This repository contains a full PyTorch implementation of the original encoder-decoder Transformer architecture from "Attention Is All You Need" paper by Vaswani et al. If you’d like a step-by-step walkthrough of how the Transformer works and how each part fits together, check out my accompanying Medium article!
- Set up the environment using conda or install locally:
conda create -n transformers python==3.10.12
conda activate transformers
pip install -r requirements.txt
- clone the repo
The config currently in train.py mimics the original paper's configs for the base model, and the commented out config can be used to train on a subset of data points.
python train.py
Edit the eval.py to load in your model checkpoint and it will output the corresponding BLEU score and some sample responses for visual comparison.
Loaded checkpoint from epoch 14
Training loss was: 2.7890
BLEU score: 15.34
Evaluated on -1 samples (all)
Source: Gutach: Noch mehr Sicherheit für Fußgänger
Reference: Gutach: Increased safety for pedestrians
Hypothesis: More safety: pedestrians
Source: Sie stehen keine 100 Meter voneinander entfernt: Am Dienstag ist in Gutach die neue B 33-Fußgängerampel am Dorfparkplatz in Betrieb genommen worden - in Sichtweite der älteren Rathaus ampel.
Reference: They are not even 100 metres apart: On Tuesday, the new B 33 pedestrian lights in Dorfparkplatz in Gutach became operational - within view of the existing Town Hall traffic lights.

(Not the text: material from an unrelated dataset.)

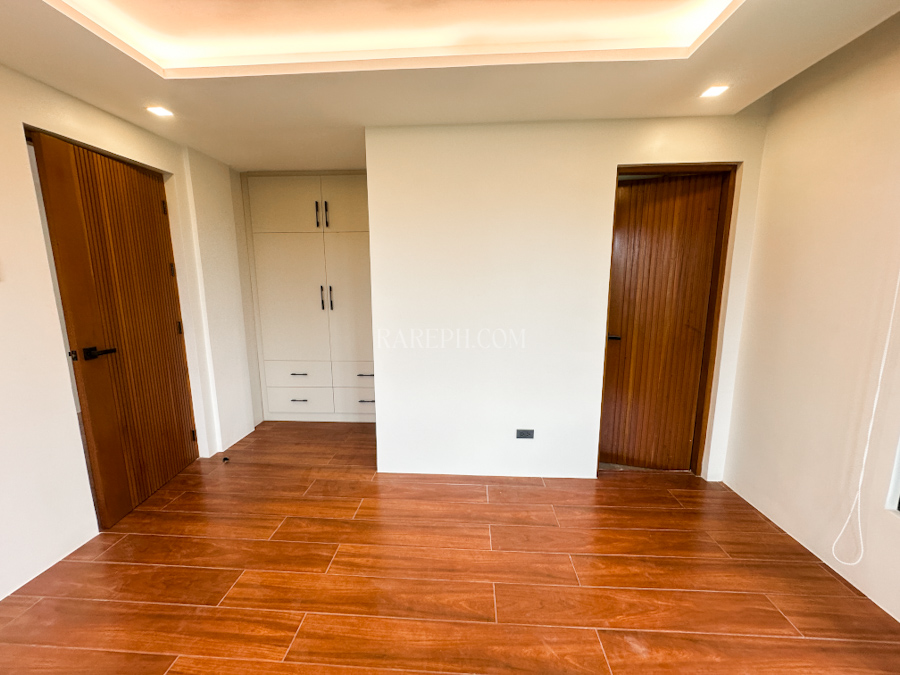 chateaux de paris house for sale bedroom 2 with closet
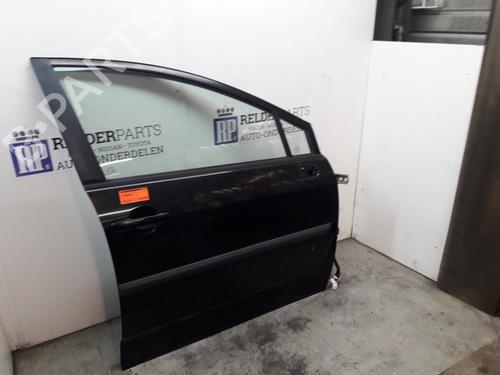 Right front door TOYOTA COROLLA Verso (ZER_, ZZE12_, R1_) 1.8 (ZNR11_, ZNR11R) | BP22163679C3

Hypothesis: They are not visible from each other: on Tuesday the new town park in Bampachel was put into operation at the older village square in the village park - 33 meters away.
Source: Zwei Anlagen so nah beieinander: Absicht oder Schildbürgerstreich?
Reference: Two sets of lights so close to one another: intentional or just a silly error?
Hypothesis: Two systems: so close to each other or to the citizen?
Source: Diese Frage hat Gutachs Bürgermeister gestern klar beantwortet.
Reference: Yesterday, Gutacht's Mayor gave a clear answer to this question.
Hypothesis: This question was clearly answered yesterday by Mayor Gutsach.
Source: "Die Rathausampel ist damals installiert worden, weil diese den Schulweg sichert", erläuterte Eckert gestern.
Reference: "At the time, the Town Hall traffic lights were installed because this was a school route," explained Eckert yesterday.
Hypothesis: "The corner of the town was installed yesterday, because this corner ensures the school path," explains.